# [INPUT DATA]
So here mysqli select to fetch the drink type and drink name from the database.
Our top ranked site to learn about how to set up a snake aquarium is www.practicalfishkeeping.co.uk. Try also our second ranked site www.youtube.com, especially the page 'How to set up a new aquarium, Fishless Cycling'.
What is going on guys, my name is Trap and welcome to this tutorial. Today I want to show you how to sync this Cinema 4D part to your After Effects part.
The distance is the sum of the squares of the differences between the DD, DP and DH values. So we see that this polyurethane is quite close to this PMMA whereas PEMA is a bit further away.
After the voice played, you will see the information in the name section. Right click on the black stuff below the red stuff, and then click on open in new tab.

--

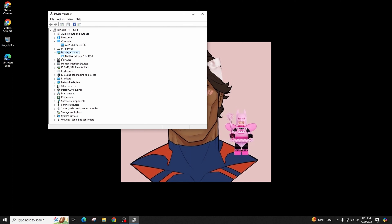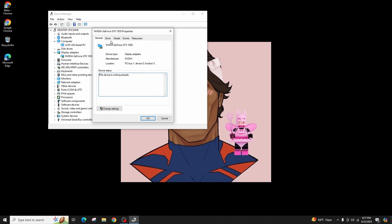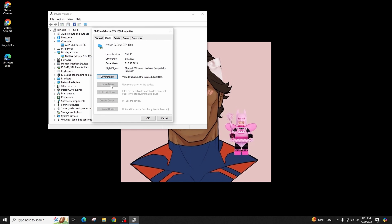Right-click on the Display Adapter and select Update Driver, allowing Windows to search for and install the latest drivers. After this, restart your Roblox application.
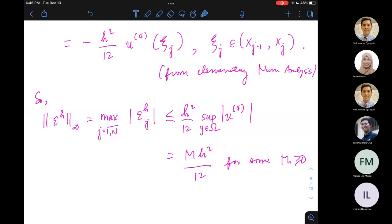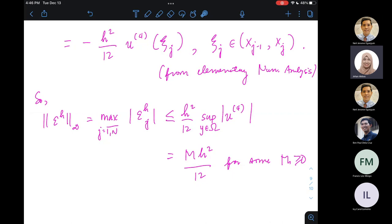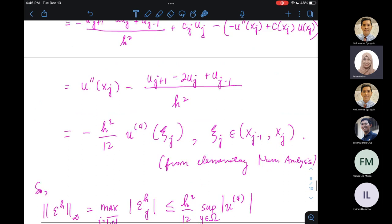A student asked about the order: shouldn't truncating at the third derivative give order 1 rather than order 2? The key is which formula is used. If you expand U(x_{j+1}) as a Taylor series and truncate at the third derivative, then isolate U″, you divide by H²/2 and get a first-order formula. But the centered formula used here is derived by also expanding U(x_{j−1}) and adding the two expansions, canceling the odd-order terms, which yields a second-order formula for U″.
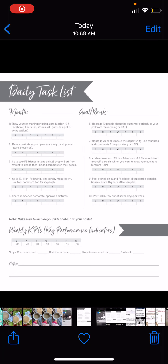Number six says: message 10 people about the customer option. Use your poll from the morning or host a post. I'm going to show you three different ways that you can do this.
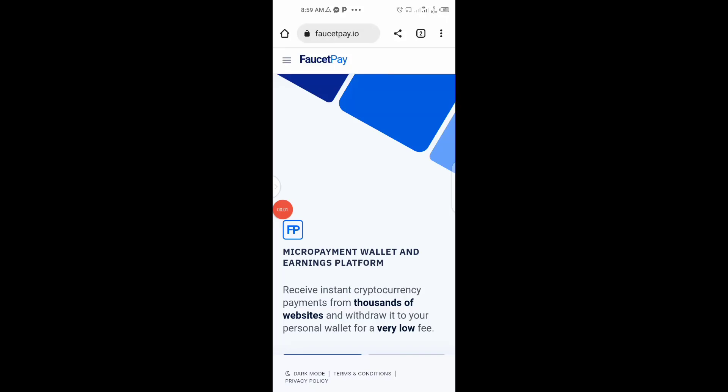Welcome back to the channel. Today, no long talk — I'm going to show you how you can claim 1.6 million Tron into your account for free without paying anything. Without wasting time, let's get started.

# [WORK INSTRUCTIONS]
Find "So here mysqli" in the entries above and copy that whole line exactly, then each line after it through the line that contains "What is going".

# [ANSWER FOR THIS EXERCISE]
So here mysqli select to fetch the drink type and drink name from the database.
Our top ranked site to learn about how to set up a snake aquarium is www.practicalfishkeeping.co.uk. Try also our second ranked site www.youtube.com, especially the page 'How to set up a new aquarium, Fishless Cycling'.
What is going on guys, my name is Trap and welcome to this tutorial. Today I want to show you how to sync this Cinema 4D part to your After Effects part.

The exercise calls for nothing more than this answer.